A man is on a mission to kill an enemy that wronged him years ago. However, as he carries out his plan, his memory resets every few hours. He must use a combination of luck and skill to achieve his goal before the clock runs out or he gets caught!

It sounds like the pitch for a sci-fi action thriller. But actually it’s the basis for Remember, a new film by director Atom Egoyan. Zev Gutman (Christopher Plummer) is a Holocaust survivor suffering from dementia. He lives in an American nursing home, along with Max Rosenbaum (Martin Landau), who recognizes Zev from Auschwitz. After Zev’s wife dies, Max convinces him to hunt down Otto Wallisch, the blockfuhrer who murdered both their families and is now living in North America under an alias name. Due to Zev’s problems with short term memory, he must follow a list of written instructions carefully set up by Max. All while avoiding being caught by Zev’s son, Charles, who just wants his father to be returned home safely.
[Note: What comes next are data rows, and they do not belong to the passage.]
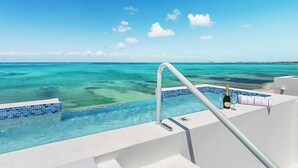 Vista de la piscina con cielo azul despejado, una botella de champán y una copa al borde.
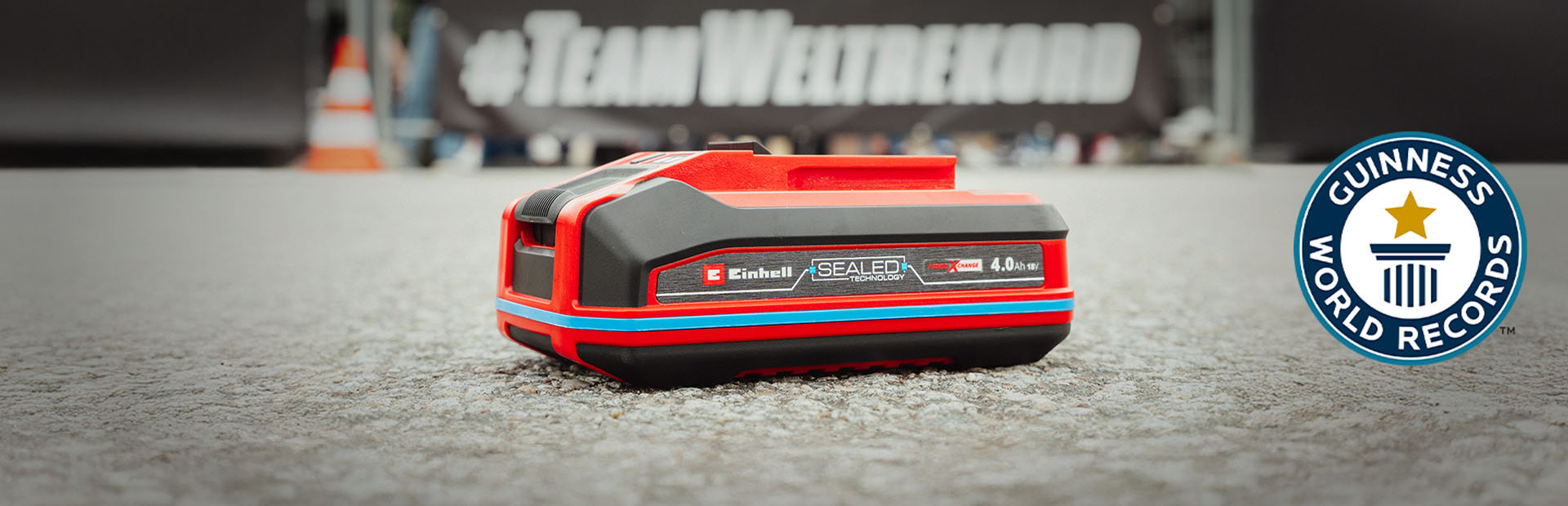 Akumulátor Einhell SEALED Power X-Change 4,0 Ah leží na asfaltu, vpravo logo Guinness World Records „Record Holder“.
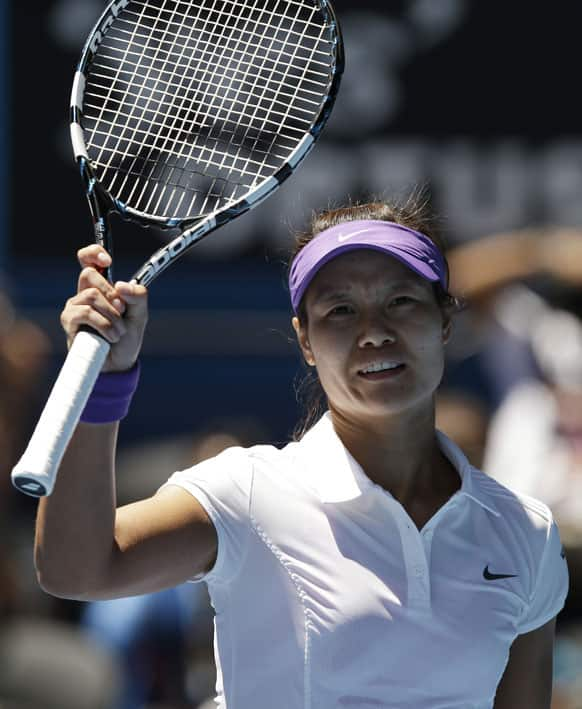 China's Li Na waves to the crowd as she celebrates her quarterfinal win over Poland's Agnieszka Radwanska at the Australian Open tennis championship.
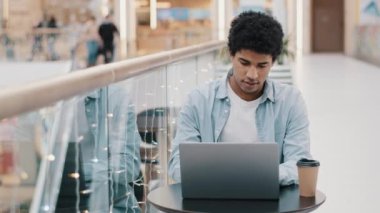 Afrika kökenli Amerikalı ciddi bir milenyum işadamı erkek serbest çalışan öğrenci kullanıcı kahve masasında oturuyor dizüstü bilgisayarla e-öğrenim çalışması internet ekommersi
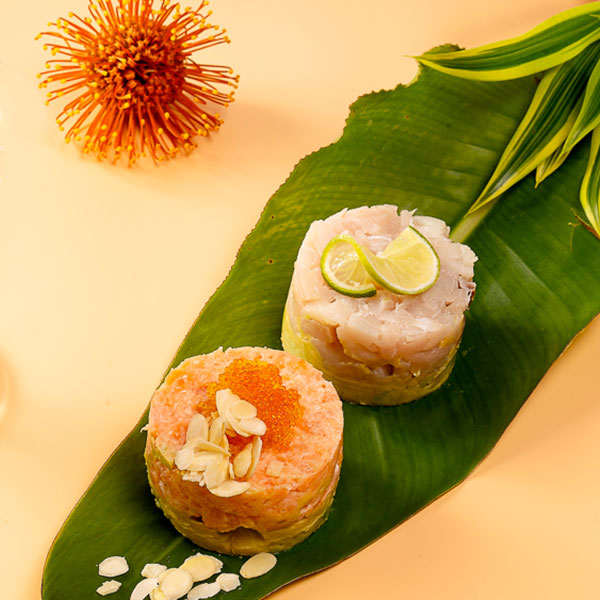 Due tartare di pesce appoggiate su una foglia. Attorno ci sono fiori e foglie.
It’s a simple plot, but in delves into some complex ideas. Zev is a great example of an anti-hero, a protagonist with an ambiguous moral compass. The anti-hero lies, cheats, steals, murders, all in self-interest. We as the audience know the anti-hero is not a good person, yet this is the character we root for. We applaud when he succeeds, even if it’s not for the greater good (and even if the character himself thinks it is). And usually it doesn’t bother us that we’re rooting for the “bad guy.”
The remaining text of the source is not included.